Let’s start with the question of pub versus bottleshop. People are much more likely to try a beer if it’s on tap in a pub rather than at a bottleshop, firstly because there is generally less choice in a pub which might have 6-8 beers on tap versus a line-up of fifty or so different beers in even the worst bottleshops. Also most bottleshops are geared towards 6 packs or slab sales and no one wants to risk ending up with 6, or worse still 24, shit beers.
So first and foremost getting tap presence is super important in getting trial, of course it’s harder to get a tap in a pub than included in a bottleshops range, but then again it’s cheaper to keg than bottle so it’s swings and roundabouts.
But what can a brewery do beyond this simple distribution focus? The next obvious option is tastings, there are a few breweries like Mildura who do a really nice job of this, particularly in the mainstream Uncle Dan’s stores, I’ve also been to some good ones from Moo Brew and others – and yes after they give you free beer you do feel compelled to buy a 6 pack or two.
But what about the things that breweries aren’t doing?
Say you are a brewery that has a popular style (like say Mountain Goat Steam Ale) and you have a new beer to launch, why not give away one of the new ones when someone buys a six pack of their favourite beer?
What about if you were someone like Two Birds, you have successfully launched a Golden Ale, people seem to be buying it and now you launch your second beer the ‘Sunset Ale’ how do you get people to try it ? How about a mixed 6 pack, three Golden, three Sunset?
Let’s talk events, I’m not talking beery events here, yeah you can launch at Beer Deluxe or the Local Taphouse if you want, but let’s face it you are probably preaching to the converted (or soon to be). The Microbreweries Showcase might open it up a bit, but I think more breweries need to think beyond the traditional beer market.
Or maybe just look for unusual places to sample, Matilda Bay did this well with their tastings at places like South Melbourne market, where they matched their beer to ‘market style food.’ Of course the two times I encountered this it was breakfast time so I wasn’t really up for a beer, but a nice thought anyway.
As a brewery why not look for events that might contain a group of people that might like your product but don’t normally come across it?
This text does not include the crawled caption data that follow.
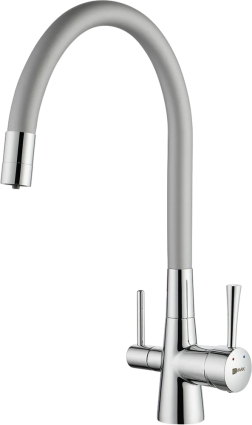 Смеситель для кухни Lemark Comfort LM3075C-Silver с гибким изливом, хром, серебристый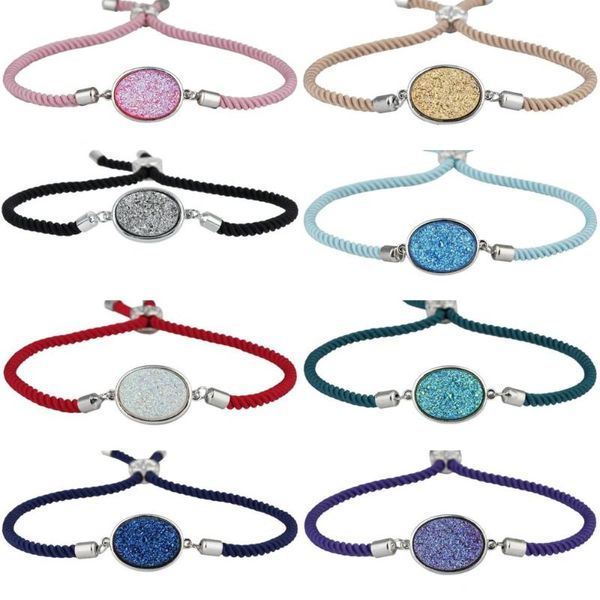 

charm bracelets sunyik oval natural crystal druzy titanium coated macrame adjustable friendship bracelet,cord 8.5", Golden;silver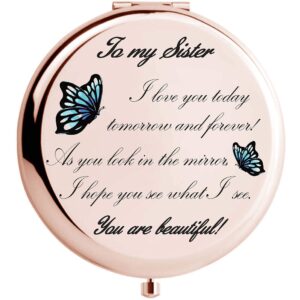 onederful sister gifts from sister and brother, sisters birthday gift ideas, rose gold compact makeup mirror gifts for birthday, christmas, graduation present for friend,girls,sister (to sister)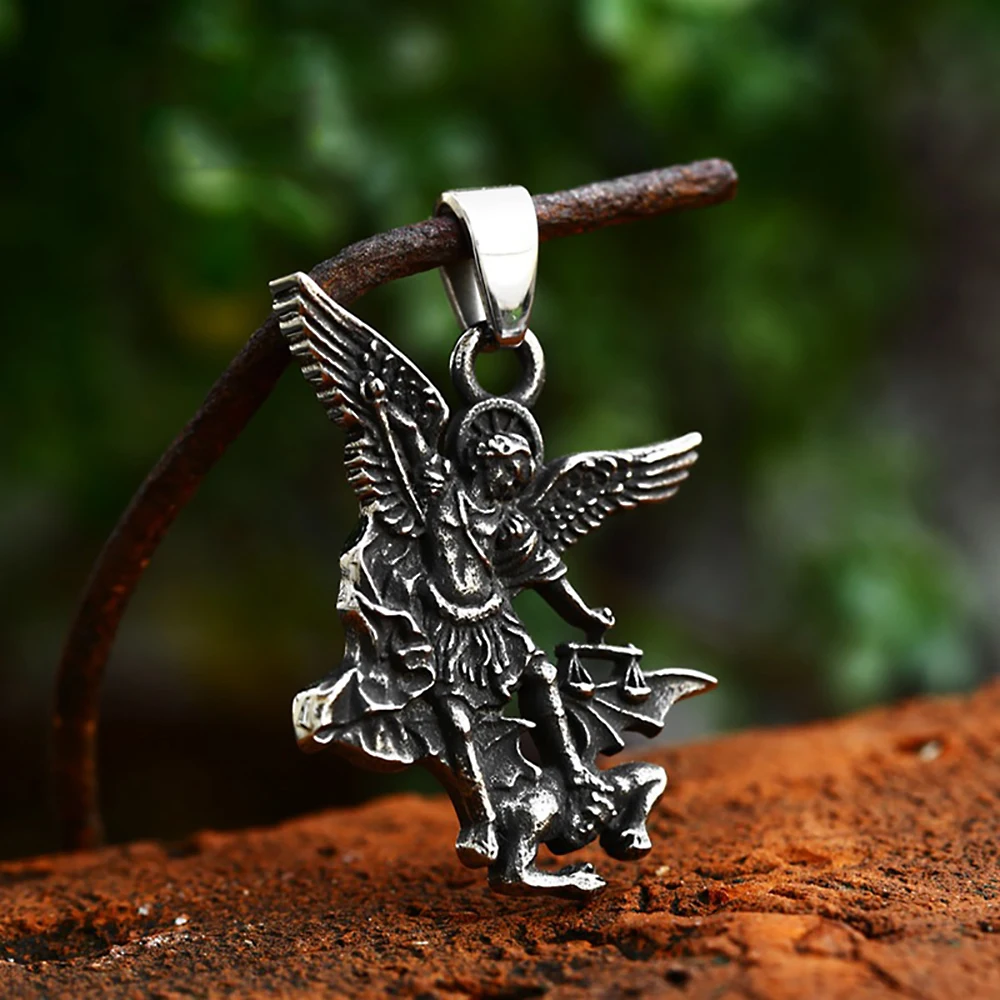 Винтажный кулон из нержавеющей стали Святого Михаила Архангела католический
Perhaps you should find some art gallery openings, see if you can get those arty types to put down their wine and pick up a beer instead.
Or pick an industry – think that craft beer appeals to white collar males aged 25-39? Then pick an industry where there might be a lot of these people and advertise to them, run a competition where you will bring a keg of your latest brew to their workplace for Friday night drinks. Better still pick an industry that work in digital, free beer will get them twittering in no time.
There is no reason why trial strategies have to be giving away beer either, why not offer catering packs (mini-kegs would be ideal) to people organising events? I read here that Young Henry’s (a microbrewery in NSW) biggest customer for growlers is The Sydney Theatre Company who are then selling them the beer to patrons by the glass. Great idea.
And what about pop-up bars? Young people love that shit. Okay you might need a liquor license or something but these are just technicalities, wouldn’t it be cool to have a coffee cart like thingy with a couple of kegs it in serving beer to people in Melbourne’s laneways?